### Source data

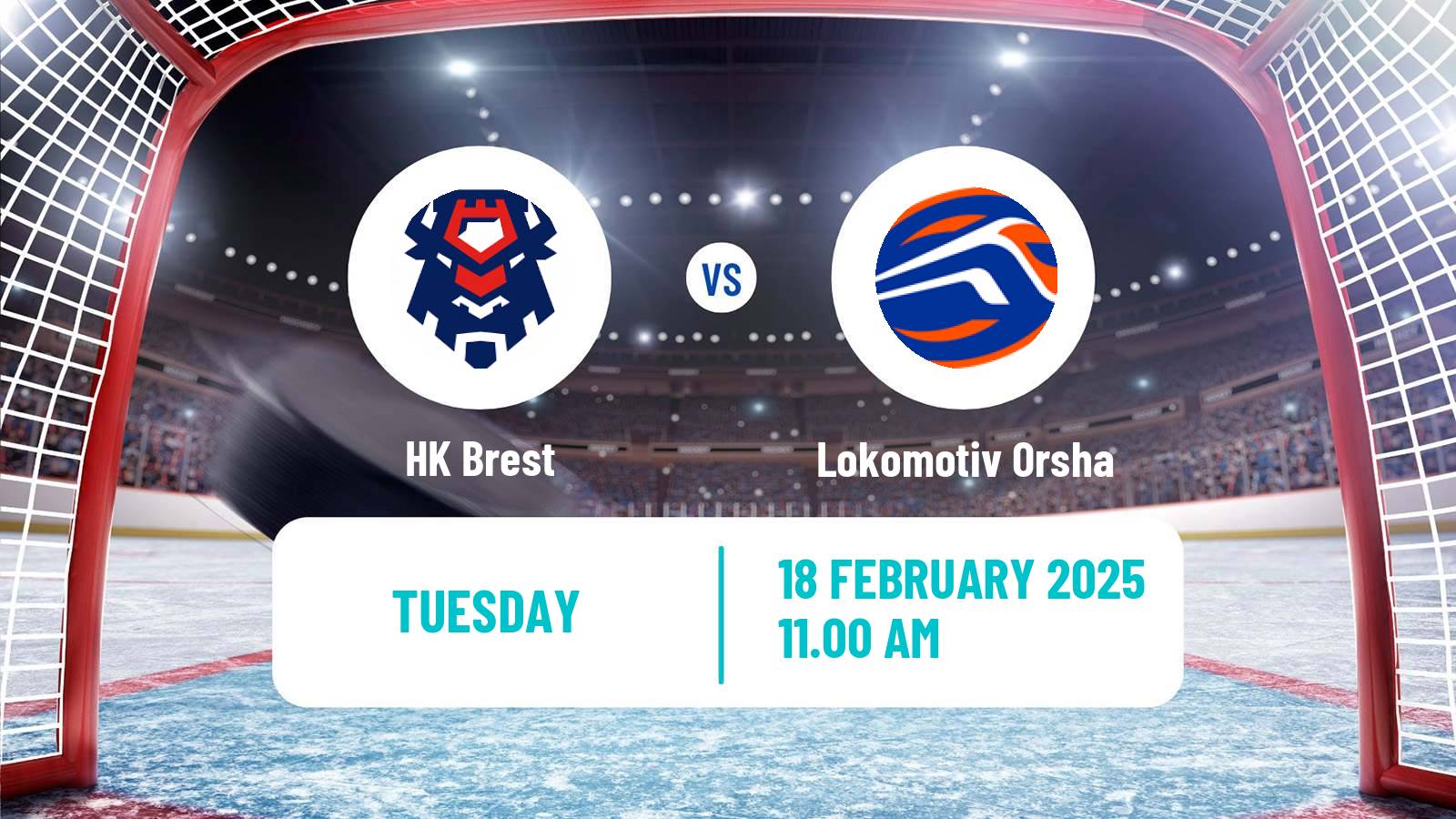 Hockey Belarusian Extraleague Brest - Lokomotiv Orsha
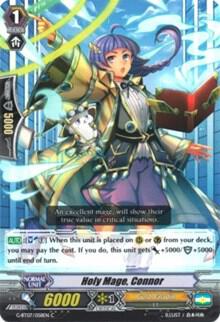 Holy Mage, Connor, G-BT07: Glorious Bravery of Radiant Sword G-BT07/058EN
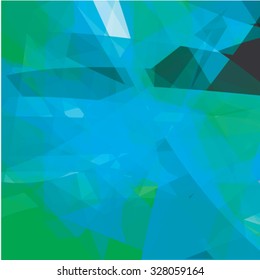 Abstract colorful artistic background. Composition with colored stripes. Vector illustration. Can be used for presentations, backgrounds, invitations, business brochures.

######

* Work to complete
What you output must match the data exactly, apart from the pictures, which are left out.

* Task output
 Hockey Belarusian Extraleague Brest - Lokomotiv Orsha
 Holy Mage, Connor, G-BT07: Glorious Bravery of Radiant Sword G-BT07/058EN
 Abstract colorful artistic background. Composition with colored stripes. Vector illustration. Can be used for presentations, backgrounds, invitations, business brochures.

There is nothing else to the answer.